▶ [INSTRUCTIONS TO FOLLOW]
Return all of the data exactly, with nothing left out but the pictures.

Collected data
____________________
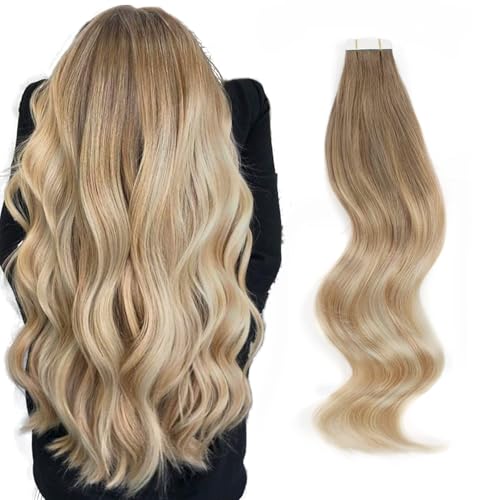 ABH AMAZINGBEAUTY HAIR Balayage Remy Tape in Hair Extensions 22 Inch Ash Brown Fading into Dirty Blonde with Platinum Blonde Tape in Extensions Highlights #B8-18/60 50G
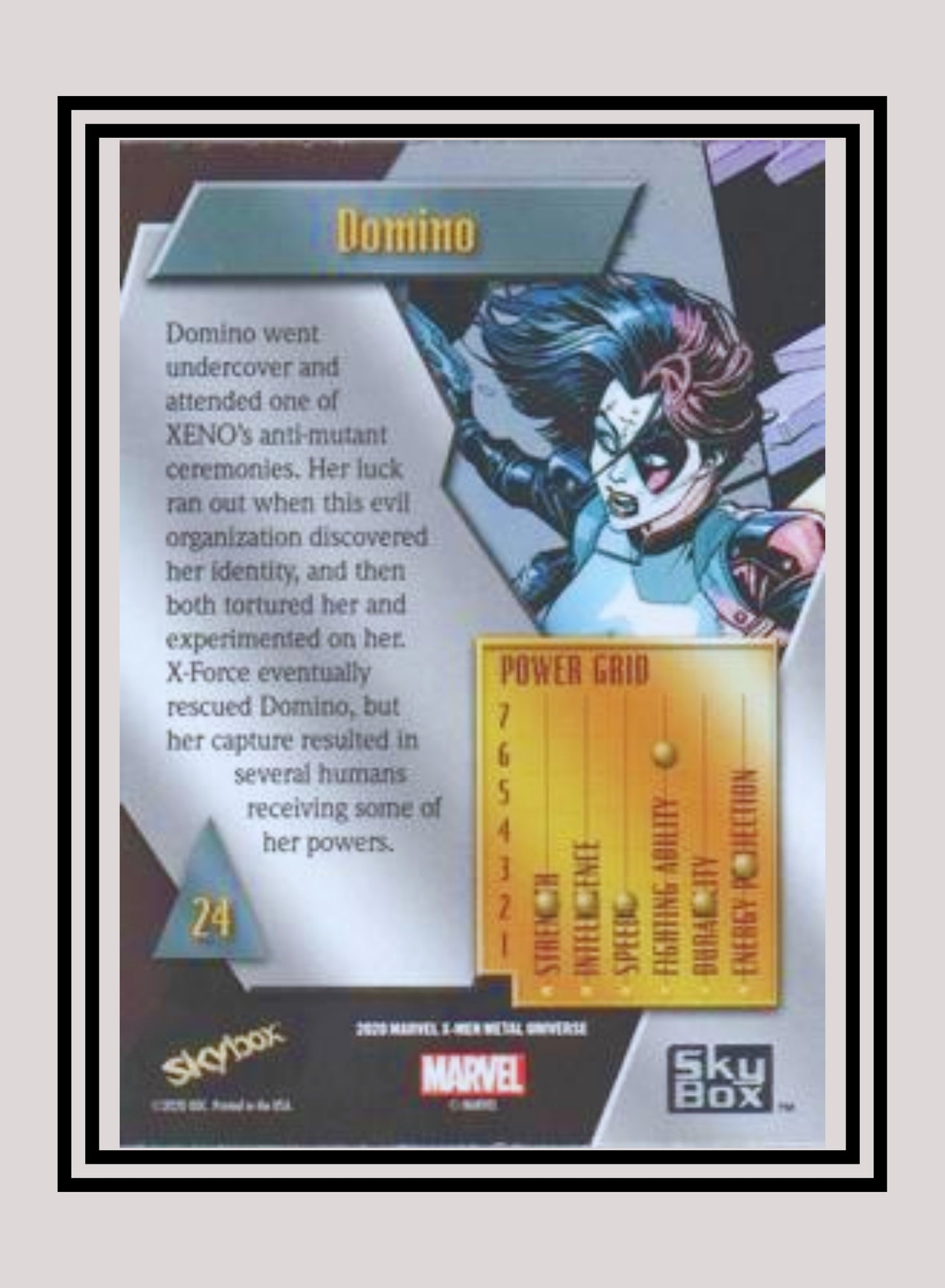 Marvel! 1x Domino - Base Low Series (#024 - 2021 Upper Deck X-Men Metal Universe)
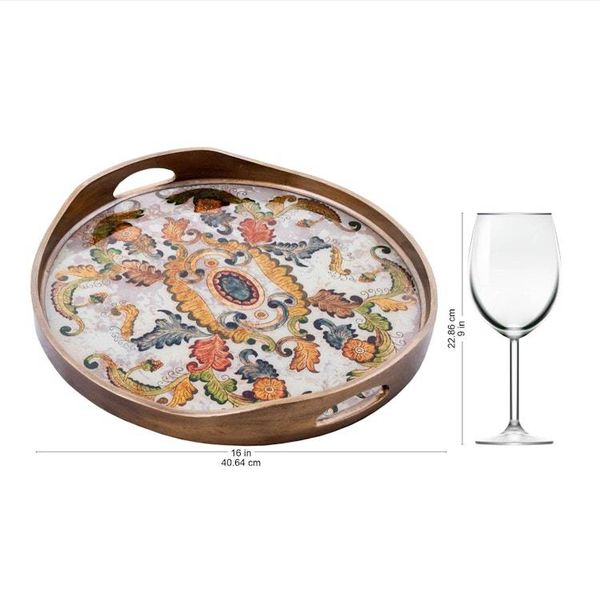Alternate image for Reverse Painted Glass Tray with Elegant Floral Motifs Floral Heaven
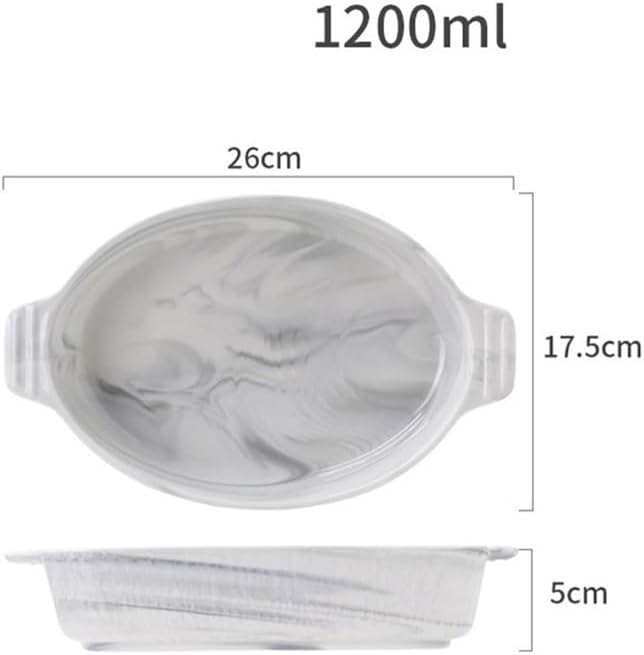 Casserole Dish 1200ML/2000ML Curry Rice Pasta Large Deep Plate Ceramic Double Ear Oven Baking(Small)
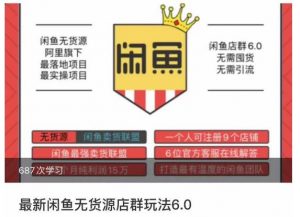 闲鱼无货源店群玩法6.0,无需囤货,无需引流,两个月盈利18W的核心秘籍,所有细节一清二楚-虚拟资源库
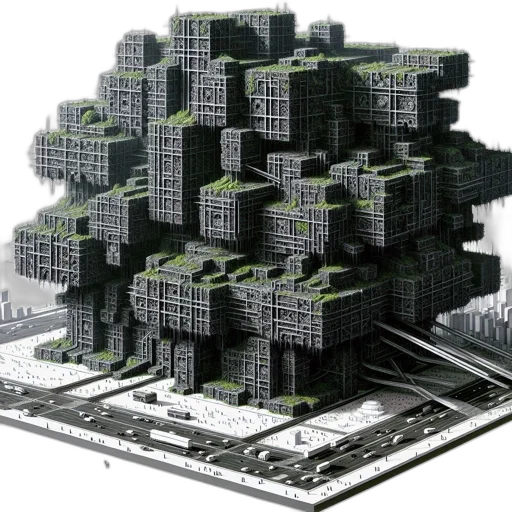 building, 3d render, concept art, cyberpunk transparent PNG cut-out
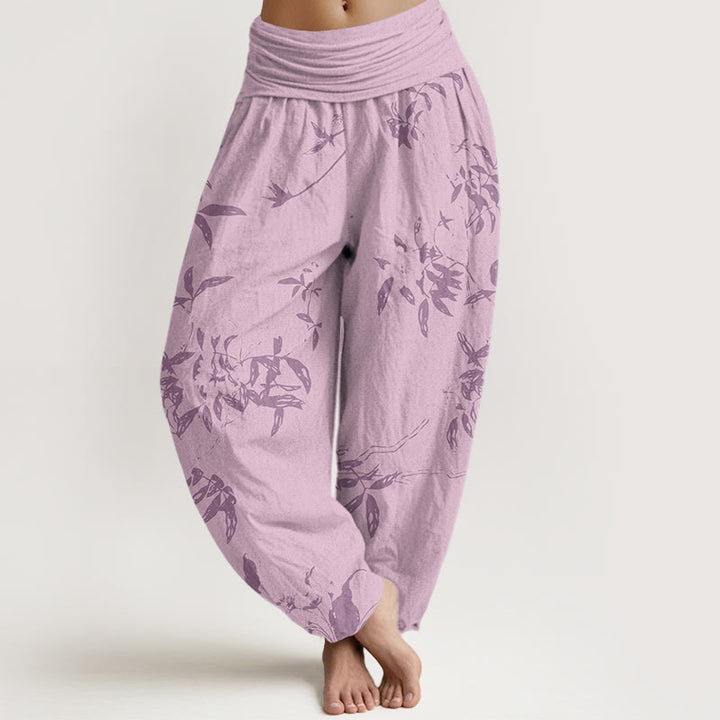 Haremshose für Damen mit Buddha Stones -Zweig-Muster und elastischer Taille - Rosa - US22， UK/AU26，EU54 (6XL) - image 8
____________________
▶ [SOLUTION BELOW]
 ABH AMAZINGBEAUTY HAIR Balayage Remy Tape in Hair Extensions 22 Inch Ash Brown Fading into Dirty Blonde with Platinum Blonde Tape in Extensions Highlights #B8-18/60 50G
 Marvel! 1x Domino - Base Low Series (#024 - 2021 Upper Deck X-Men Metal Universe)
Alternate image for Reverse Painted Glass Tray with Elegant Floral Motifs Floral Heaven
 Casserole Dish 1200ML/2000ML Curry Rice Pasta Large Deep Plate Ceramic Double Ear Oven Baking(Small)
 闲鱼无货源店群玩法6.0,无需囤货,无需引流,两个月盈利18W的核心秘籍,所有细节一清二楚-虚拟资源库
 building, 3d render, concept art, cyberpunk transparent PNG cut-out
 Haremshose für Damen mit Buddha Stones -Zweig-Muster und elastischer Taille - Rosa - US22， UK/AU26，EU54 (6XL) - image 8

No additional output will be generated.